純季はその後ろを、のそのそと着いてきた。相変わらず表情の読めない、不満なのかどうなのかも計りかねる顔つきのまま。
もし純季でなければ、悠人はこういう、極端に自分の感情を表に出さない人間を前にすると、不安で仕方が無くなっていただろう。
周りの雰囲気が平穏でなければ居たたまれなくなる悠人にしてみれば、何を望んでいるのかわからないような相手は何より気味が悪い。
もしも純季が赤の他人か、大して親しくもない知人やクラスメイトだったなら、悠人は自分で自分が可哀そうになるくらい気を使っていたに違いない。
いや、そもそもそこまで疲れるような相手には近づくことすらしなかったろう。
「あ、そういえば、なんでお前、米原さんの名前を知ってたんだ?言ったっけ、俺教えてないよな?」
思い出したように、悠人は純季の方を見て、言った。
「名前を教えるのが恥ずかしいんなら、メモなんか残さないで、心の中に刻んどけ」
そう言って、純季は右手を悠人に差し出した。彼の右手には悠人のスマートフォンが握られていた。
「え、なんで、いつの間に・・・」
呆気にとられる悠人の鞄のポケットにスマートフォンを滑り込ませると、純季は少し顔を近づけて言った。

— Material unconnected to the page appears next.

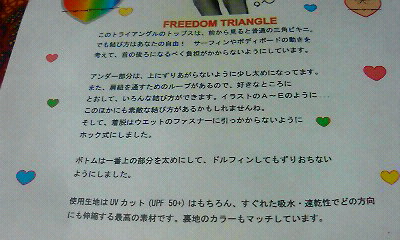 201005031214000.jpg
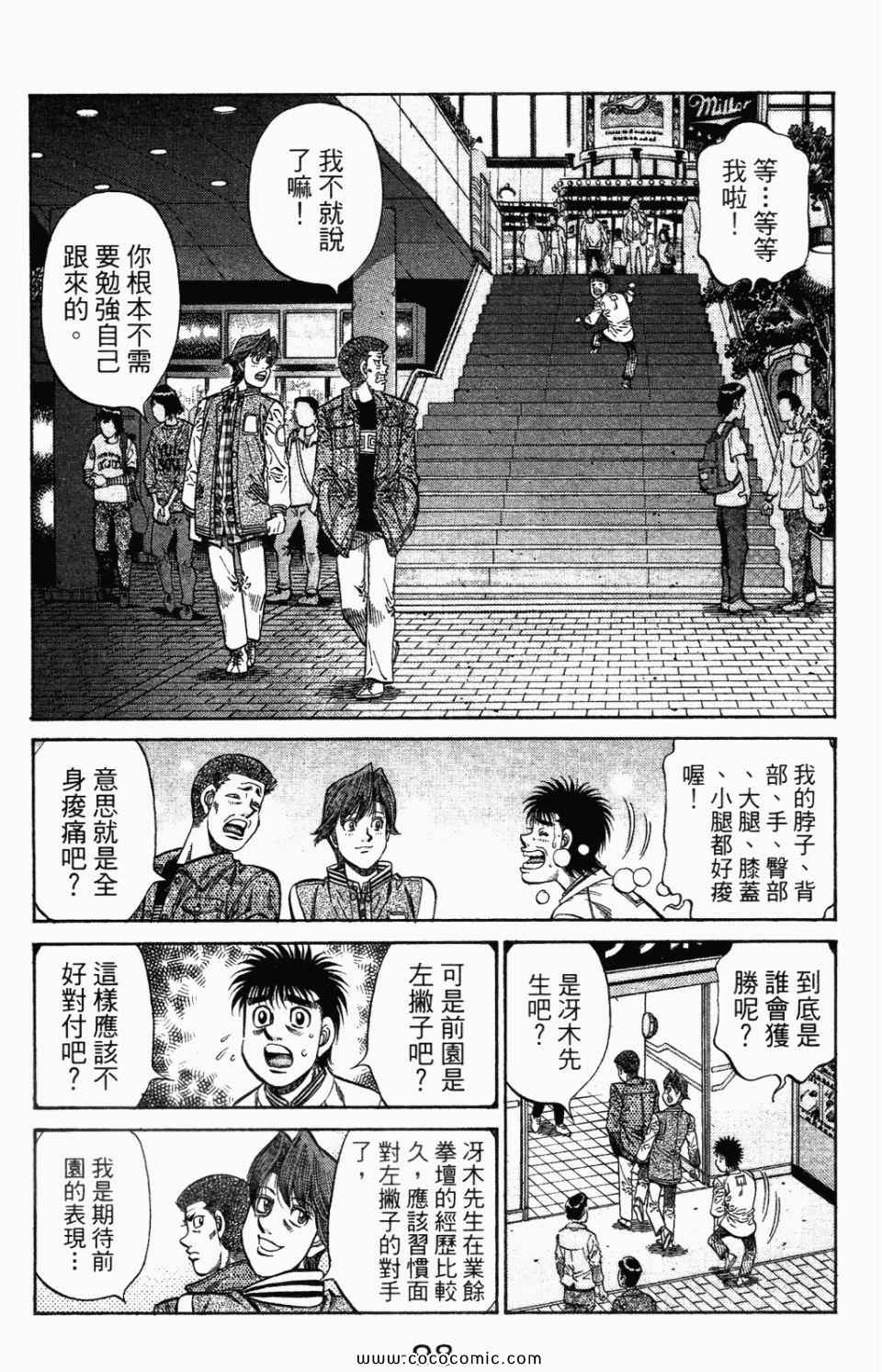 第 100 页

「『米原さん お見舞い 作戦』、なんかそのメモ読んでたら、ちょっと恥ずかしくなった。消しといたほうがいいぞ。あとこれも忠告だけど、自分の誕生日を逆から打ち込んだ数字をパスワードにしたところで、推測する手間が一つ増えるだけで、セキュリティ上はほとんど無意味だからな」
言い終えると、純季は悠人を置いて、スーパーマーケットの裏から海の方へ向かって歩き出した。
悠人は慌ててその後を追いながら、スマートフォンに残したメモを全部読んだのかと純季に問いただそうか迷っていた。